LCSB-BioCore / COBREXA.jl

Constraint-Based Reconstruction and EXascale Analysis
https://lcsb-biocore.github.io/COBREXA.jl/
Apache License 2.0
43 stars 9 forks source link

inconsistent parsing of subsystems #803

Open mihai-sysbio opened 10 months ago

mihai-sysbio commented 10 months ago

Minimal code example to reproduce the problem

It looks like for some file formats the subsystem field might not be parsed. I've spotted this from two different models in SBML format, so I checked with the core E.coli.

using COBREXA
!isfile("e_coli_core.mat") && download("http://bigg.ucsd.edu/static/models/e_coli_core.mat", "e_coli_core.mat");
!isfile("e_coli_core.json") && download("http://bigg.ucsd.edu/static/models/e_coli_core.json", "e_coli_core.json");
!isfile("e_coli_core.xml") && download("http://bigg.ucsd.edu/static/models/e_coli_core.xml", "e_coli_core.xml");
json = load_model(StandardModel, "e_coli_core.json")
xml = load_model(StandardModel, "e_coli_core.xml")
mat = load_model(StandardModel, "e_coli_core.mat")
foreach(model -> println(length(filter(!isnothing, map(r -> reaction_subsystem(model, r), reactions(model))))), [json, xml, mat])

Expected result

I would expect the same number of subsystems present in the model:

95
95
95

Actual behavior

Only the JSON format returns 95 entries, for the others it's 0:

95
0
0
exaexa commented 10 months ago

Hi,

good point, this is a problem. Unfortunately I don't see how to fix this for the SBML models (SBML doesn't specify subsystems, maybe there would be a way to parse them from MIRIAM-style annotations or so?). But the .mat format indeed contains the subsystems directly in field subSystem. We will add the functionality.

Extra TODO: mirror the resulting patch to here: https://github.com/COBREXA/MATFBCModels.jl (we're slowly flipping&reorganizing everything over to the separate github org)

Thanks for the report! -mk

exaexa commented 10 months ago

@stelmo btw should we add subsystems to AbstractFBC interface? I recall we talked about that and it might be the case that I killed the idea with some argument that I don't recall anymore :sweat_smile: likely about the subsystems not being proper annotations and reactions not being able to have multiple subsystems or so.... :sweat_smile: :sweat_drops:

EDIT: my emojis don't seem to work, weird.

mihai-sysbio commented 10 months ago

how to fix this for the SBML models (SBML doesn't specify subsystems, maybe there would be a way to parse them from MIRIAM-style annotations or so?)

While the subsystem concept does not have the same type of encoding as the compartment, it seems it iss captured in the SBML file via <groups:group sboTerm="SBO:0000633".

mihai-sysbio commented 10 months ago

A bit of a random idea, have you considered introducing tests to see if models from trusted sourced imported in different formats yield the same StandardModel?
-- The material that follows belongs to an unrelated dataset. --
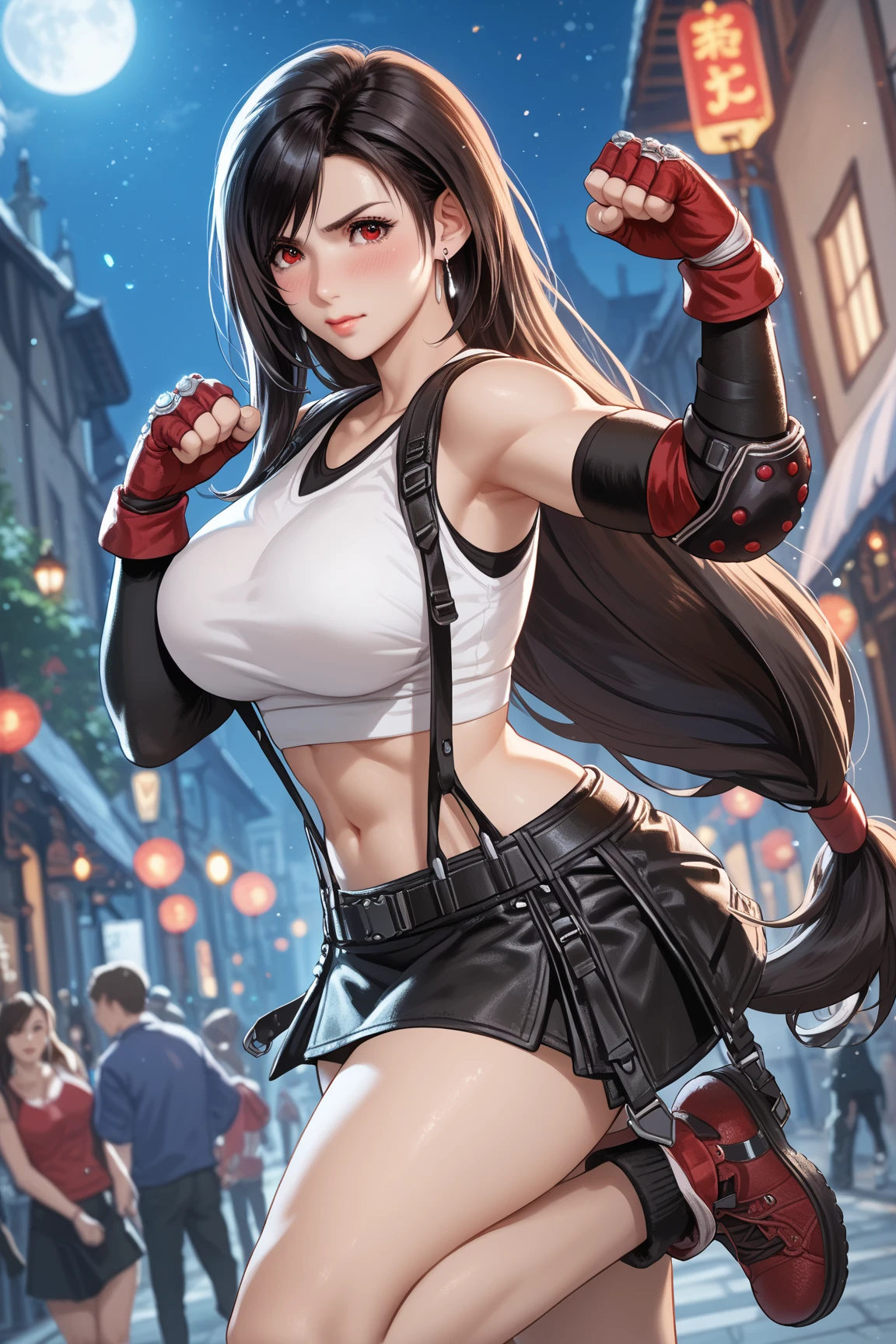 Best Quality, ultra-detailed, high resolution, extremely detailed CG, unity wallpaper 8k, super detailed skin, detailed, dynamic lighting, beautiful detailed eyes, defTifa, White crop top, elbow pad, Gloves without fingers, suspenders, very short pleated mini skirt, Red boots, Bar, showing panties, dynamic pose, Red eyes, Serious, SMILE, fighting stance, combat,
exaexa commented 10 months ago

how to fix this for the SBML models (SBML doesn't specify subsystems, maybe there would be a way to parse them from MIRIAM-style annotations or so?)

While the subsystem concept does not have the same type of encoding as the compartment, it seems it iss captured in the SBML file via <groups:group sboTerm="SBO:0000633".

Ah nice, is there a known model with this? (I don't see it in the ec core).

A bit of a random idea, have you considered introducing tests to see if models from trusted sourced imported in different formats yield the same StandardModel?

Well, yes, and it unfortunately failed quite hard. Maybe we should retry now with the AbstractFBC interface in place which defines a much less opinionated (and thus more realizable) standard...

mihai-sysbio commented 10 months ago

Ah nice, is there a known model with this? (I don't see it in the ec core).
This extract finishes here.